• EXERCISE BRIEF
Please give back each line of the material unchanged, but without the images.

****************

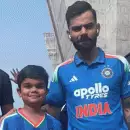 'ദേ എന്റെ ഡ്യൂപ്ലിക്കേറ്റ് ഇരിക്കുന്നു', കോഹ്ലി രോഹിത്തിനോട് പറഞ്ഞു; കുട്ടി കോഹ്ലിയുടെ വാക്കുകൾ ഏറ്റെടുത്ത് സോഷ്യൽ മീഡിയ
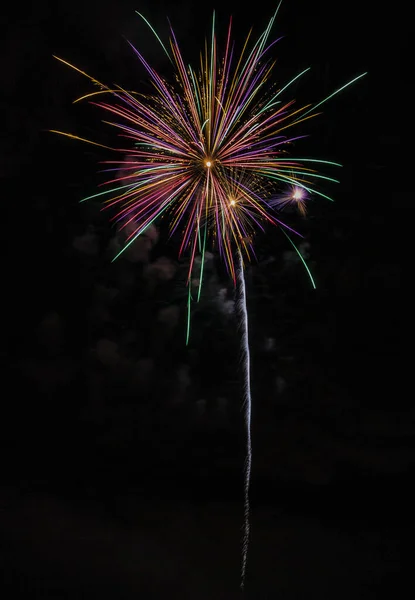 Gros plan de feux d'artifice isolés pour la composition — Photo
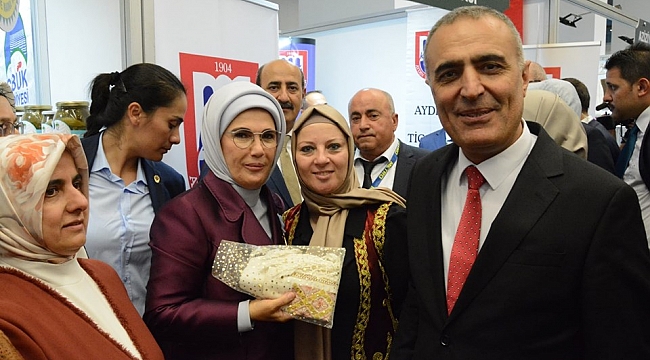 Kocaeli, Emine Erdoğan’a  Kandıra Bezi hediye etti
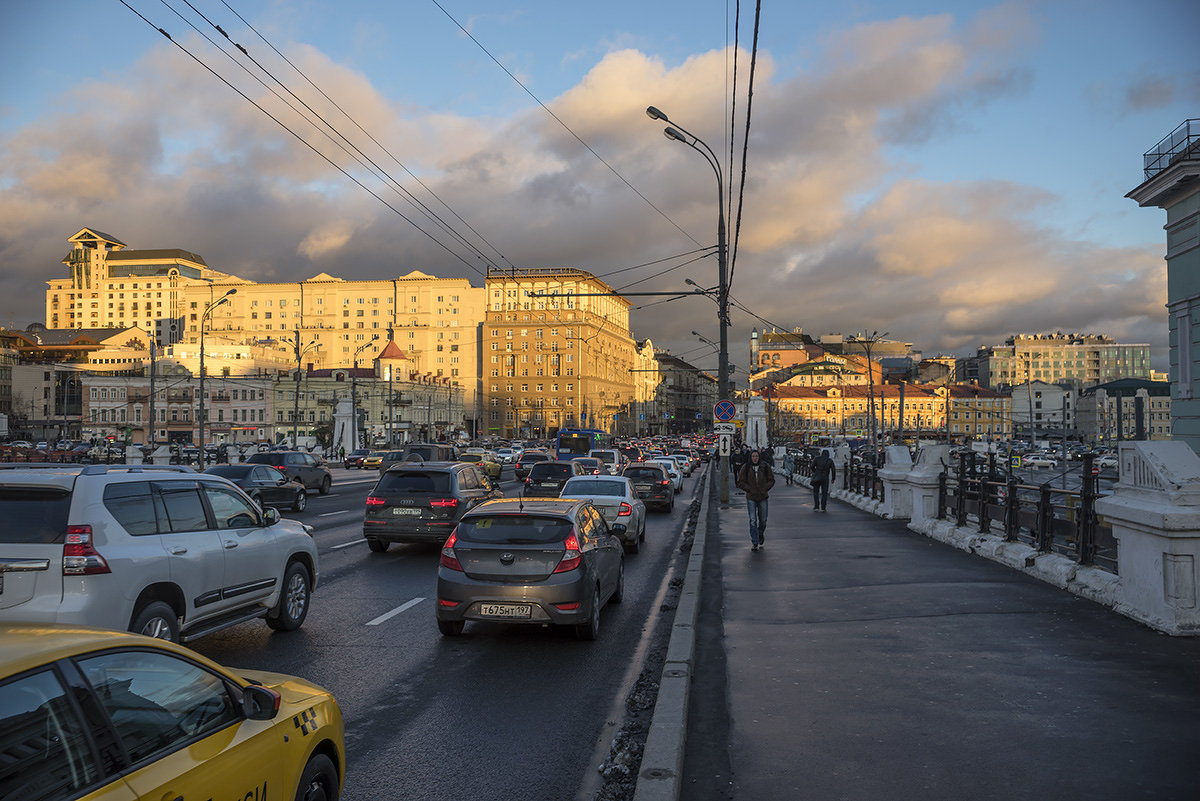 Предзакатное солнце. Москва, площадь Белорусского вокзала. - Игорь Герман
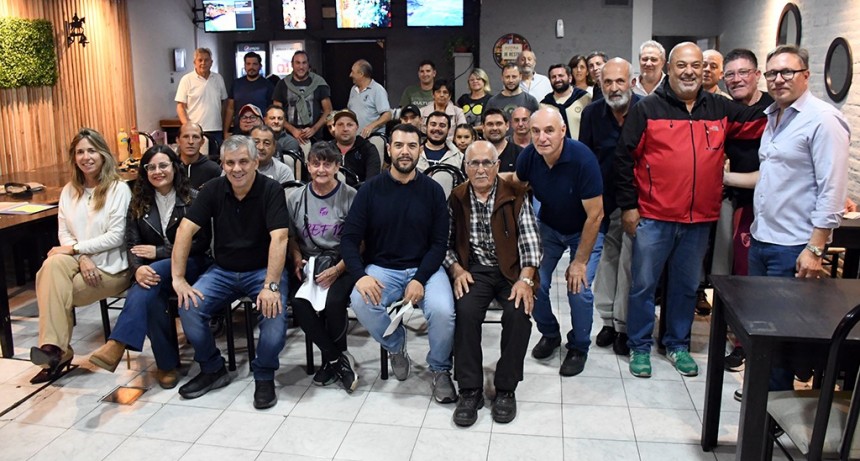 Chivilcoy: Britos entregó subsidios a 29 clubes y entidades deportivas correspondiente a abril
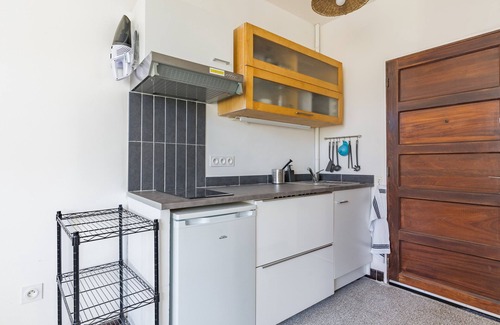 Charleval Apartment | Studio Apartment "1 - Au Coeur du Village"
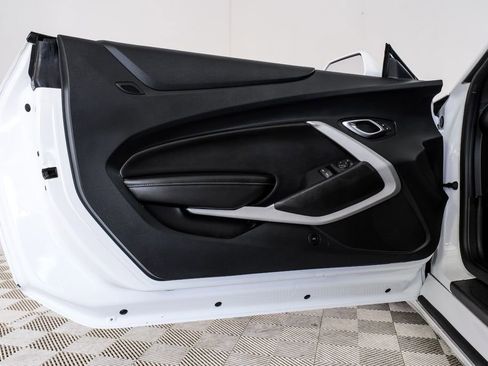 Used 2023 Chevrolet Camaro LT RWD image 37
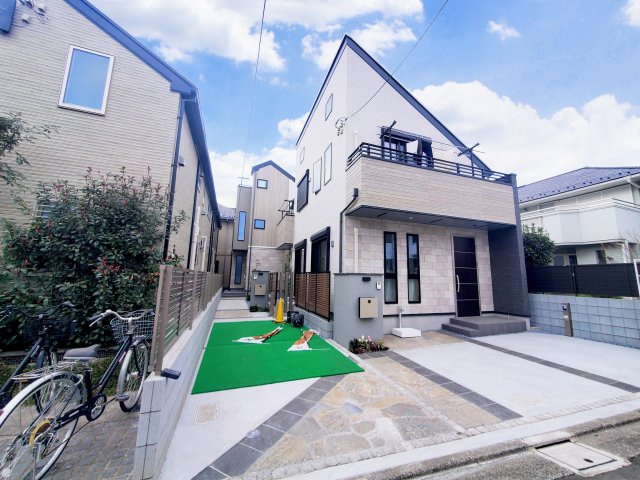 【前面道路含む現地写真】 | 久我山5丁目　新築戸建　B号棟 | 弊社は仲介手数料無料でご紹介中！急行停車駅から徒歩５分、屋上付きの制震ダンパー搭載３LDK＋P♪♪水廻り設備がLDKフロアに集約され、導線の良い間取りも魅力的です！！ＬＤＫは17.5帖と広々！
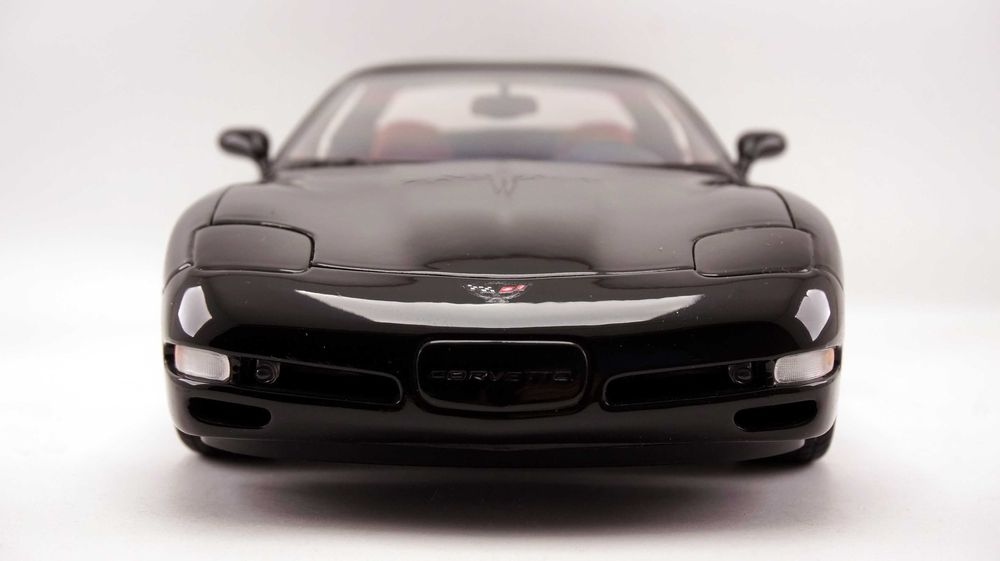 Модель UT Models AUTOart 1:18 Chevrolet Corvette (C5) Hardtop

****************

• RESPONSE AREA
 'ദേ എന്റെ ഡ്യൂപ്ലിക്കേറ്റ് ഇരിക്കുന്നു', കോഹ്ലി രോഹിത്തിനോട് പറഞ്ഞു; കുട്ടി കോഹ്ലിയുടെ വാക്കുകൾ ഏറ്റെടുത്ത് സോഷ്യൽ മീഡിയ
 Gros plan de feux d'artifice isolés pour la composition — Photo
 Kocaeli, Emine Erdoğan’a  Kandıra Bezi hediye etti
 Предзакатное солнце. Москва, площадь Белорусского вокзала. - Игорь Герман
 Chivilcoy: Britos entregó subsidios a 29 clubes y entidades deportivas correspondiente a abril
 Charleval Apartment | Studio Apartment "1 - Au Coeur du Village"
 Used 2023 Chevrolet Camaro LT RWD image 37
 【前面道路含む現地写真】 | 久我山5丁目　新築戸建　B号棟 | 弊社は仲介手数料無料でご紹介中！急行停車駅から徒歩５分、屋上付きの制震ダンパー搭載３LDK＋P♪♪水廻り設備がLDKフロアに集約され、導線の良い間取りも魅力的です！！ＬＤＫは17.5帖と広々！
 Модель UT Models AUTOart 1:18 Chevrolet Corvette (C5) Hardtop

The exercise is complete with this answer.